A small proportion of Americans feel prepared for retirement, but only 19% regularly meet with their advisor to discuss retirement goals
A survey found that only 48% of Americans feel prepared for retirement, while 36% feeling behind. Yet only 19% of Americans regularly meet with a financial advisor. Inflation is a major concern, with 55% fearing it will set back their retirement goals.
The survey also revealed that women are more concerned about running out of money in retirement than men. Younger generations are more confident about their retirement preparedness than older generations, but many still lack retirement goals. Among retirees, common regrets include not saving enough and not developing a comprehensive financial plan. Those with detailed plans often addressed long-term care concerns, estate planning, and philanthropy.
Source: Wealth Management
Evalueserve Viewpoint: The results of the survey indicate a clear gap in engagement methodologies of wealth management firms and their advisors.
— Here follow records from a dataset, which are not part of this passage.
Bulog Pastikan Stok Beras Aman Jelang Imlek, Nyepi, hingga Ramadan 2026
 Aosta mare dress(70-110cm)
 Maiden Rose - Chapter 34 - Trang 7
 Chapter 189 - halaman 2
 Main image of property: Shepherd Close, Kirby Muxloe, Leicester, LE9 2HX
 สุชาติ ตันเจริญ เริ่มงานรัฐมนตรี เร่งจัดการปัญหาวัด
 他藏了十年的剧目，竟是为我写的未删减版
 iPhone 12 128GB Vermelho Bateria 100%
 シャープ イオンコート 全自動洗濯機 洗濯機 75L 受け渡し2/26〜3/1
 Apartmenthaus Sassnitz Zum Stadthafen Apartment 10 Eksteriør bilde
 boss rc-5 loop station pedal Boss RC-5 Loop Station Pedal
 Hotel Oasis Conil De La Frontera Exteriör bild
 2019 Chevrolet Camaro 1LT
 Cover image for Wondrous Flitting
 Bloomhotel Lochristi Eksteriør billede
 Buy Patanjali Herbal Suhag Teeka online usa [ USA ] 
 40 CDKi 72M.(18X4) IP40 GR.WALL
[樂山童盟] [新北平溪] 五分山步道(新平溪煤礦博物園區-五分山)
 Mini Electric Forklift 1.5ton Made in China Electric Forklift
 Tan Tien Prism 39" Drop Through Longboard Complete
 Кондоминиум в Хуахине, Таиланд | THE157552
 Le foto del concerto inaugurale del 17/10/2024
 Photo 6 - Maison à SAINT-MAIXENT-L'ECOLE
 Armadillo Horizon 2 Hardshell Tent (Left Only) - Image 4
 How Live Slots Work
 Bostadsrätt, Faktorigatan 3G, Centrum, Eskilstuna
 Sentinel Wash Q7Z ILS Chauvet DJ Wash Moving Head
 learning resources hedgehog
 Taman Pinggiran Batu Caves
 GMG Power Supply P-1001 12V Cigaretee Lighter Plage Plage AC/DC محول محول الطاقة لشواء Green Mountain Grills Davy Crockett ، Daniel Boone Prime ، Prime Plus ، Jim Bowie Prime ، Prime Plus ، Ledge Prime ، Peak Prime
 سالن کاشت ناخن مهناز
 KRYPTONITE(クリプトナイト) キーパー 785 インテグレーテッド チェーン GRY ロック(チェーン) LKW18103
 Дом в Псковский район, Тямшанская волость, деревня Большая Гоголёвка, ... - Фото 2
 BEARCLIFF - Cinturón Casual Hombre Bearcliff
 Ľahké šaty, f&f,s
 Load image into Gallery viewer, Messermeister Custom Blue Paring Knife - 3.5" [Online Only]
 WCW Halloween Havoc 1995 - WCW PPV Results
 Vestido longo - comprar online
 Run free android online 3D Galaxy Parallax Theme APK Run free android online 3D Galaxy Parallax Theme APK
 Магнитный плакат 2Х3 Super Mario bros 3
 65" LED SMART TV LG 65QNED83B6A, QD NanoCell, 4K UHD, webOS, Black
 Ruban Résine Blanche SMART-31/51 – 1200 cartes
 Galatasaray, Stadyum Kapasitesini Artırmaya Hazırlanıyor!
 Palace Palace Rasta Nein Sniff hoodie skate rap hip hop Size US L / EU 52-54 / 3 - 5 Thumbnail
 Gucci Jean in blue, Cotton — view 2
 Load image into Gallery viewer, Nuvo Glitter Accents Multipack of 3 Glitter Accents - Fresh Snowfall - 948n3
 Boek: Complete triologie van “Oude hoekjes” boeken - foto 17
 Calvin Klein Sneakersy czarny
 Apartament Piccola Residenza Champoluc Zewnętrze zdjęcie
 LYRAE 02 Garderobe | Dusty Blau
Wealth management firms need to engage with clients more often to ensure that clients feel well prepared for their retirement. Providing financial education would also help clients stay calm during inflationary phases.
Retirement
Plan sponsors are actively addressing retirement income and personalization as part of their plan offerings
A new study found that plan sponsors are increasingly perceiving retirement income as an integral part of DC plan menu. Consultants & advisors are looking for solutions that offer choice, personalization, flexibility & cost-effectiveness. Personalization, particularly for participants nearing retirement, was a recurring theme in the study.
It found that in 2021, 59% of consultants & advisors reported that over half of their DC plan sponsor clients had no clear stance on the issue of retirement income & personalization; by 2024, that figure dropped to 19%, indicating more sponsors are actively addressing retirement income as part of their plan offerings.
Source: Investment News
Evalueserve Viewpoint: Retirement providers could look to augment solutions which offer retirement income features such as TDFs / Managed Accounts with an embedded annuity contract for in-plan retirement products. In addition, firms could look to offer more personalized solution for participants such as Custom TDFs, Dynamic QDIA which would result in higher adoption of retirement plans amongst employees.
The US retirement system need to evolve to make the case for a "hybrid" system to support retirees
A new report is calling for reforms to the US retirement system, emphasizing the need for a modernized approach to address evolving challenges faced by retirees. Average retiree now spends about two decades in retirement—roughly double the time expected 50 years ago.
With four in 10 Americans at risk of outliving their savings and 57M workers lacking a retirement plan, it highlighted the urgency of developing an evolved system that considers changing times. The report suggests that most effective retirement system, one that's sustainable and secure, should be a "hybrid" blending best of both DB and DC plans.
Source: Investment News
Evalueserve Viewpoint: Retirement providers could look to create a unified platform which support offering hybrid retirement solutions - DB, DC plans together. This would allow plan sponsors to leverage benefits of both the plans. In addition, investment product should incorporate multiple glidepaths to incorporate features of both DC and DB products.